◆ **WHAT YOU ARE ASKED TO DO**:
Your task is to give the records again exactly. Leave each picture out.

◆ **RECORD EXCERPTS**:
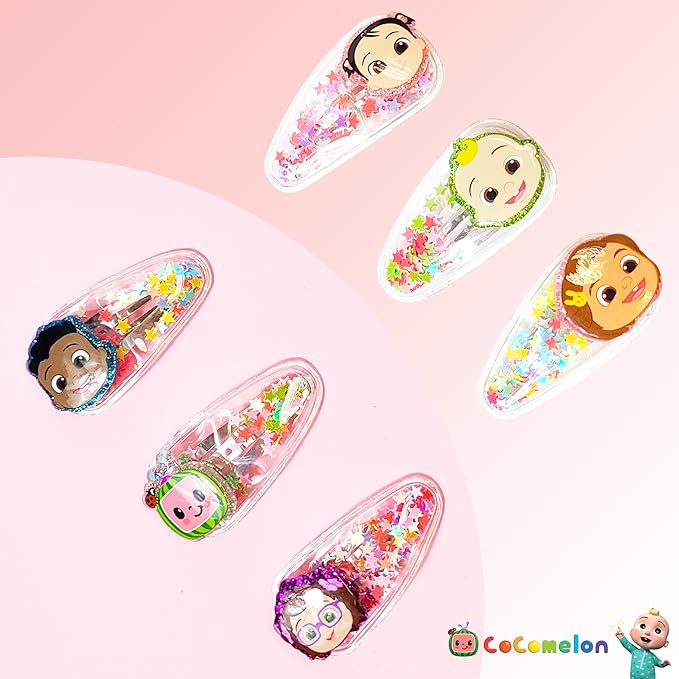 LUV HER Cocomelon Hair Clips For Girls, 6pc Magical Confetti Hair Clips with Favorite Cocomelon Character Charms, Ages 3+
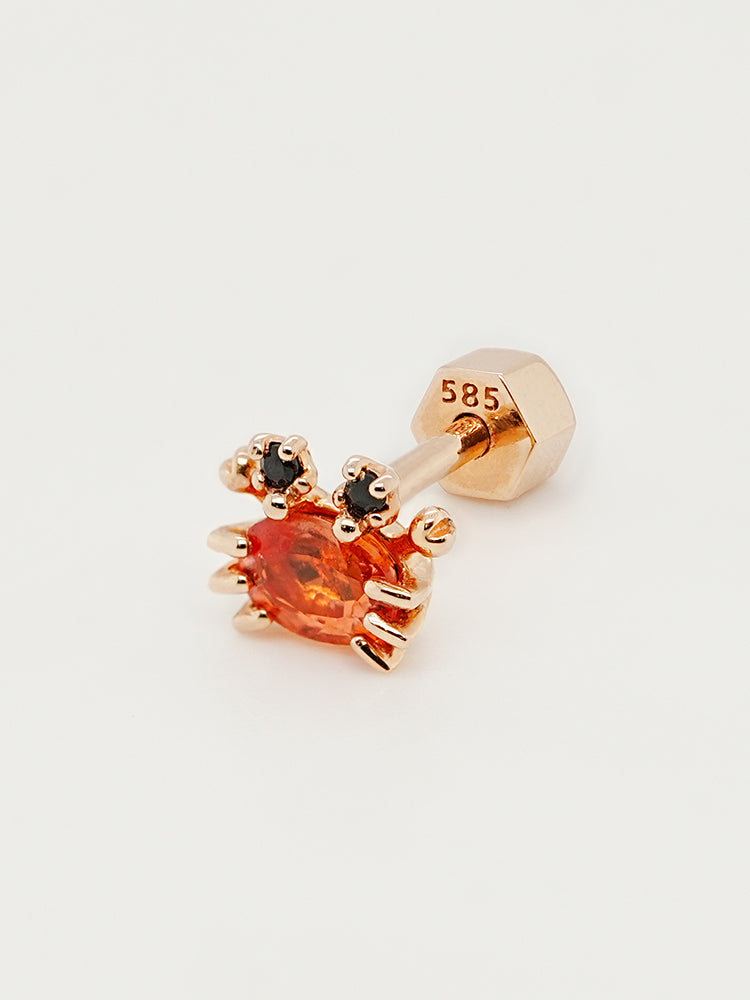 14K Gold Sapphire Sea Crab Cartilage Earring 18G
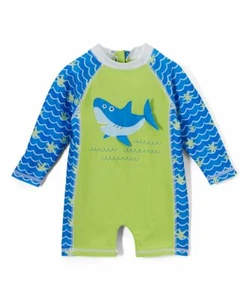 Sol Swim Boy 3 to 6 Month Blue Green Shark Surf 1 Piece Rash Guard Swimsuit 3/6M - Picture 1 of 3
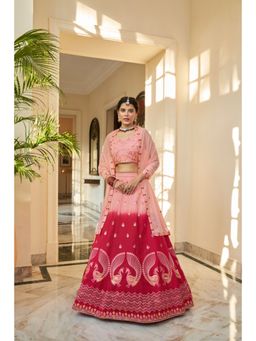 EXCLUSIVA - Pink Embroidered Semi-Stitched Lehenga & Unstitched Blouse & Dupatta (Set of 3)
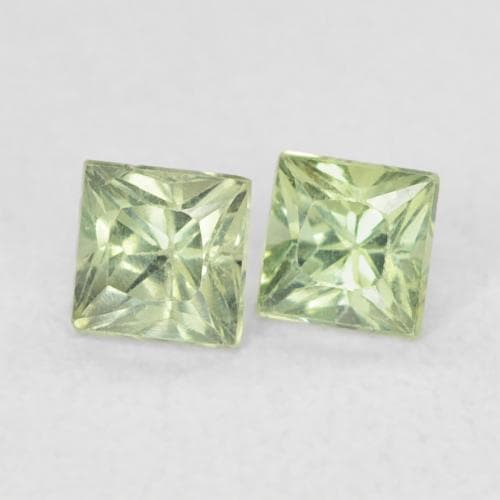 0.48ct Natural Medium Light Green Sapphire, Square, 3.1x3 mm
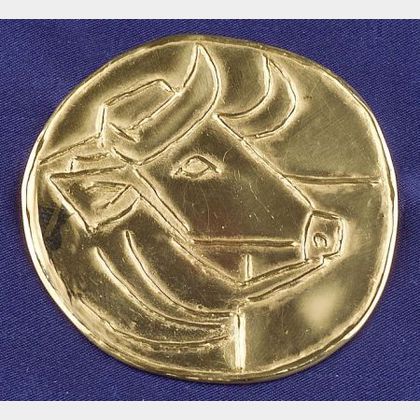 Artist-Designed 23kt Gold Pendant, Pablo Picasso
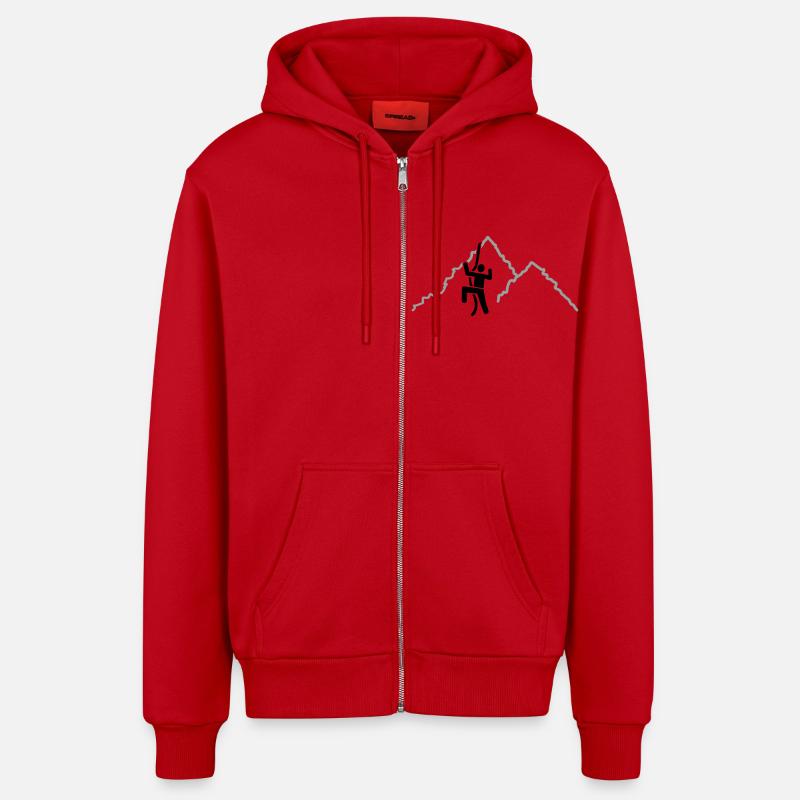 Escalade - Veste à capuche bio décontractée fabriquée en UE - rouge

◆ **YOUR SOLUTION**:
 LUV HER Cocomelon Hair Clips For Girls, 6pc Magical Confetti Hair Clips with Favorite Cocomelon Character Charms, Ages 3+
 14K Gold Sapphire Sea Crab Cartilage Earring 18G
 Sol Swim Boy 3 to 6 Month Blue Green Shark Surf 1 Piece Rash Guard Swimsuit 3/6M - Picture 1 of 3
 EXCLUSIVA - Pink Embroidered Semi-Stitched Lehenga & Unstitched Blouse & Dupatta (Set of 3)
 0.48ct Natural Medium Light Green Sapphire, Square, 3.1x3 mm
 Artist-Designed 23kt Gold Pendant, Pablo Picasso
 Escalade - Veste à capuche bio décontractée fabriquée en UE - rouge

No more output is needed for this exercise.